Come organizzare i passaggi di bottiglie dalla cantina alla srl agricola?

Sono un cantina vitivinicola organizzata in una srl agricola. Accanto alla produzione e vendita di vino sul mercato abbiamo attivato una attività di agriturismo. Ci troviamo in due regimi fiscali diversi. Come organizzare i passaggi di bottiglie da una attività all’altra?

L’attività agricola posta in essere da una srl agricola permette di sottoporre il reddito alle regole di determinazione catastale ex articolo 32 del Tuir. Tale articolo però non disciplina una attività che spesso è riscontrabile nelle aziende vitivinicole: quella dell’agriturismo.

La conseguenza di tale esclusione è che l’attività agrituristica concorre a formare reddito in modalità ordinaria e quindi come differenza tra ricavi e costi specifici. Nasce quindi la necessità di individuare sia i costi che i ricavi dell’attività agrituristica.

Proviamo a fare delle ipotesi.

I ricavi sono facilmente individuabili e non comportano particolari problematiche di individuazione.

Per i costi le cose sono più complesse anche perché non ci sono regole e norme di legge che identifichino in modo univoco il metodo di suddivisione. Ci dobbiamo quindi affidare a buone prassi di contabilità analitica normalmente in uso nelle realtà aziendali.

I costi dell’attività agrituristica sono individuabili nella struttura ad essa dedicata, dal personale che vi presta la propria opera (nel caso di personale con un una attività mista è necessario predisporre un time sheet che possa comprovare l’effettivo utilizzo del suo tempo sulle due attività) e da acquisti dedicati alla ristorazione. Una particolare attenzione va data all’utilizzo di bottiglie di vino prodotte dalla cantina.
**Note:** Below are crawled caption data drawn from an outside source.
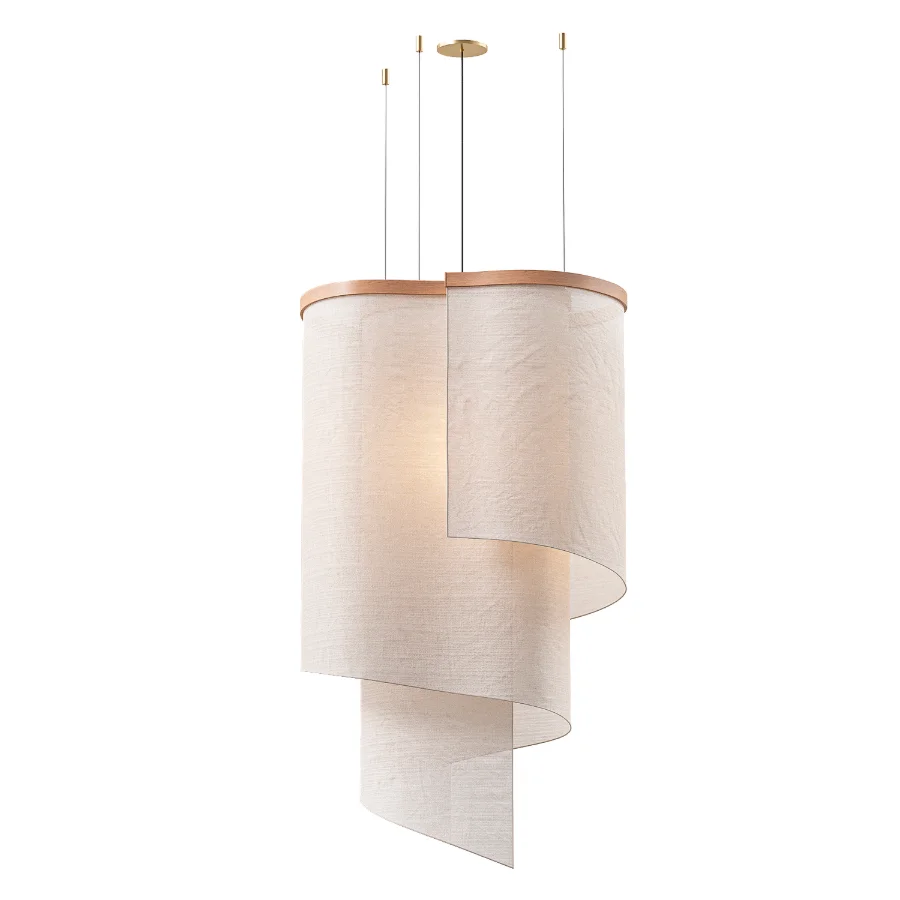 Altostratus Pendant Lamp - Image 2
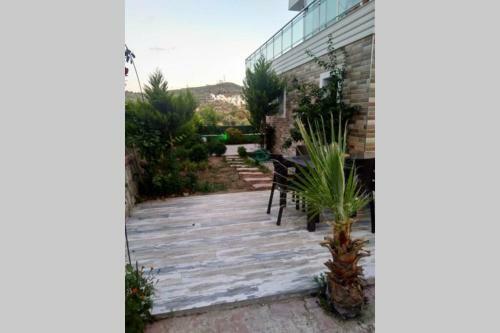 Villa Pandemi de Karaburun ... Sa?l?kl? G�nlere....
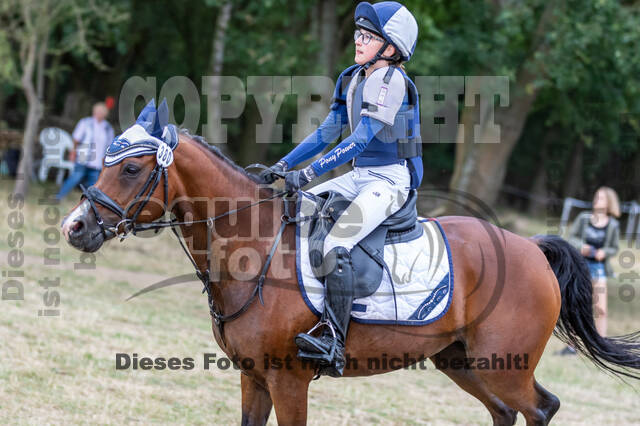 Late-Entry Vielseitigkeit Hamminkeln/Wesel (01.+02.08.2020)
Per la determinazione del costo è bene far riferimento al listino normalmente utilizzato per il canale horeca, mercato più assimilabile alla vendita del vino nella registrazione agrituristica.

Tra gli altri costi di cui è bene tener conto sono anche gli ammortamenti legati alle attrezzature dell’agriturismo.

Ci possono poi essere molti altri costi direttamente o indirettamente riferibili all’attività agrituristica. Il loro utilizzo come costo deducibile è lasciato alla valutazione dell’azienda in base alle evidenze e alla documentabilità di tali costi come inerenti il conto economico dell’agriturismo.